Arthur Soucemarianadin est depuis trois ans Conseiller pour les relations universitaires et scientifiques à l’Ambassade de France en Espagne. Il décrypte un projet essentiel, sur lequel les équipes impliquées travaillent depuis plusieurs années, qui devrait bouleverser la façon de concevoir les cursus universitaires mixtes entre la France et l'Espagne : l'Université franco-espagnole.
lepetitjournal.com : Quelles sont vos missions au sein du SCAC ?
Arthur Soucemarianadin : Le travail de nos équipes consiste à animer et promouvoir les relations universitaires et scientifiques entre les établissements de nos deux pays. Notre objectif est de rendre la France plus attractive non seulement d’un point de vue académique mais également d’un point de vue culturel à travers les débats d’idées . C'est une tâche protéiforme, qui inclut près de 200 écoles supérieures et un peu plus de 70 universités côté français, ainsi que des grands organismes de recherche tels que le CNRS, l'INSERM ou le CEA, que nous nous efforçons à mettre en rapport avec leurs équivalents et homologues espagnols, en essayant de promouvoir la mise en place de projets communs. Notre mission consiste aussi, dans ce cadre bilatéral, à créer du lien entre l'enseignement supérieur et la recherche, afin de permettre la poursuite des cursus universitaires vers la recherche et l’innovation, tout en priorisant certains domaines jugés stratégiques par la France et l'Espagne, comme les énergies renouvelables, l'eau, l'alimentation, les nouvelles technologies appliquées aux questions de santé et de vieillissement, ou le travail sur les grands instruments européens, à l'instar des accélérateurs de particules de Grenoble ou de Barcelone. Nous avons ainsi participé au renforcement de la collaboration franco-espagnole avec la prochaine création (1er semestre 2018) d'une Unité Mixte Internationale entre le CNRS et le CSIC notamment, et à travers l'Institut d'astrophysique des Canaries, impliquant les observatoires de Grenoble, Paris, Toulouse et Nice, pour un programme pouvant bénéficier d'importants fonds européens et facilitant le travail in situ de scientifiques français.

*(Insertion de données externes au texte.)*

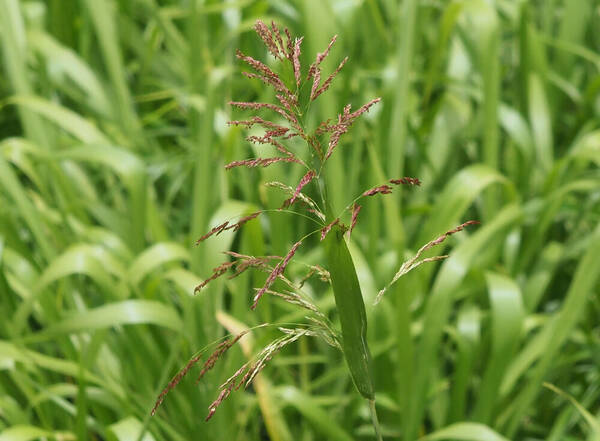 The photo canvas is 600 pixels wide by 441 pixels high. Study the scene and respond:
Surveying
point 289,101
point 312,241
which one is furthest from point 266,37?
point 312,241

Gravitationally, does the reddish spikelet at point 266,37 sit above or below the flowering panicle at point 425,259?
above

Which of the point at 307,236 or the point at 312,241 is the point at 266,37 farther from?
the point at 312,241

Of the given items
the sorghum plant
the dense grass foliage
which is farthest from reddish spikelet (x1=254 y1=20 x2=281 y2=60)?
the dense grass foliage

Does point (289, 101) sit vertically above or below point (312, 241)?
above

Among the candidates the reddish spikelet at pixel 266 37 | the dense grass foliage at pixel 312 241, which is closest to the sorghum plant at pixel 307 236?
the reddish spikelet at pixel 266 37

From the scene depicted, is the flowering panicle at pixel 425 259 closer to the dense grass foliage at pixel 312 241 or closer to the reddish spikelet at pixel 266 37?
the reddish spikelet at pixel 266 37

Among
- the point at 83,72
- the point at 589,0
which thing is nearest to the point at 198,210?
the point at 83,72

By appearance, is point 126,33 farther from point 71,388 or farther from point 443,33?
point 71,388

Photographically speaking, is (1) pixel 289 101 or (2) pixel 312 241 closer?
(1) pixel 289 101

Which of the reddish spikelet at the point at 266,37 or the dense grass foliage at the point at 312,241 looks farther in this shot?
the dense grass foliage at the point at 312,241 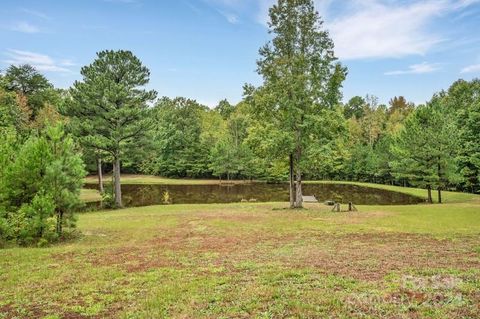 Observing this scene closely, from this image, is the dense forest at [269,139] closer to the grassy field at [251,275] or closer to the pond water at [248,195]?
the pond water at [248,195]

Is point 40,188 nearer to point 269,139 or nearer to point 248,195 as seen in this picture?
point 269,139

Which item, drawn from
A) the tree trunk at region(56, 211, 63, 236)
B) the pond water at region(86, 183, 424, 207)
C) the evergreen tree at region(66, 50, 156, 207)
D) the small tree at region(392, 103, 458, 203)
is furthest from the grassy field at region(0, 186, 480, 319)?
the pond water at region(86, 183, 424, 207)

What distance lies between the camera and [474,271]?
31.1ft

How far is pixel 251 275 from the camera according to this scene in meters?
9.88

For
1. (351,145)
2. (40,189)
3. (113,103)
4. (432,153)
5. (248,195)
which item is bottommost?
(248,195)

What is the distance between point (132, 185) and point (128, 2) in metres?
47.0

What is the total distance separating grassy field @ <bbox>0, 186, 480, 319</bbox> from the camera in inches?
289

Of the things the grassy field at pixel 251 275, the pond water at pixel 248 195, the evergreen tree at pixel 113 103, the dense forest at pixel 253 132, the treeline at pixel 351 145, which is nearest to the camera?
the grassy field at pixel 251 275

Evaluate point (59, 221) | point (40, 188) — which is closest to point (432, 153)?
point (59, 221)

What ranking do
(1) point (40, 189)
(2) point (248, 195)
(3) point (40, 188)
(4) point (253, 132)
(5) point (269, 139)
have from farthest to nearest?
(2) point (248, 195) → (4) point (253, 132) → (5) point (269, 139) → (3) point (40, 188) → (1) point (40, 189)

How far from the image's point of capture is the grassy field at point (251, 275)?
7.33 m

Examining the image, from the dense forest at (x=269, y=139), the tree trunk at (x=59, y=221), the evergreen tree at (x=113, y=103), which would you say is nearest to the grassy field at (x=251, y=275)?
the tree trunk at (x=59, y=221)

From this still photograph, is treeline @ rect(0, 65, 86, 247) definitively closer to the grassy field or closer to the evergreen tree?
the grassy field

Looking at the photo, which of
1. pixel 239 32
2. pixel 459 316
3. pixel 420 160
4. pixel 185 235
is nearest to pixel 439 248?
pixel 459 316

Quels sont les outils qui permettent de porter votre action ?
A la fin du programme Picasso en 2010, qui permettait de soutenir près de 200 missions entre la France et l'Espagne, nous avons dû rebâtir les échanges bilatéraux à partir de différentes initiatives complémentaires. Deux programmes ont ainsi constitué des vecteurs efficaces en la matière, le Master conjoint et le programme Mérimée, tout en restant sur des volumes largement inférieurs à ce que nous avions connu auparavant. Le Master conjoint, à l'image de ce qui se fait par exemple entre la Sorbonne et l'université Complutense sur les Études françaises et hispaniques et qui concerne une vingtaine d'étudiants chaque année, permet l'attribution d'un diplôme conjoint, portant les sceaux des établissements des deux pays. Dans ce cas, la coordination entre universités, la mise en place de procédures communes, constituent un premier pas à une échelle disons isolée, vers l'étape suivante, qui devrait se concrétiser très prochainement, et que nous appelons l'Université franco-espagnole. Concernant le programme Mérimée, il permet de former des jeunes doctorants au niveau de la recherche et passe là encore par des accords entre écoles doctorales françaises et espagnoles.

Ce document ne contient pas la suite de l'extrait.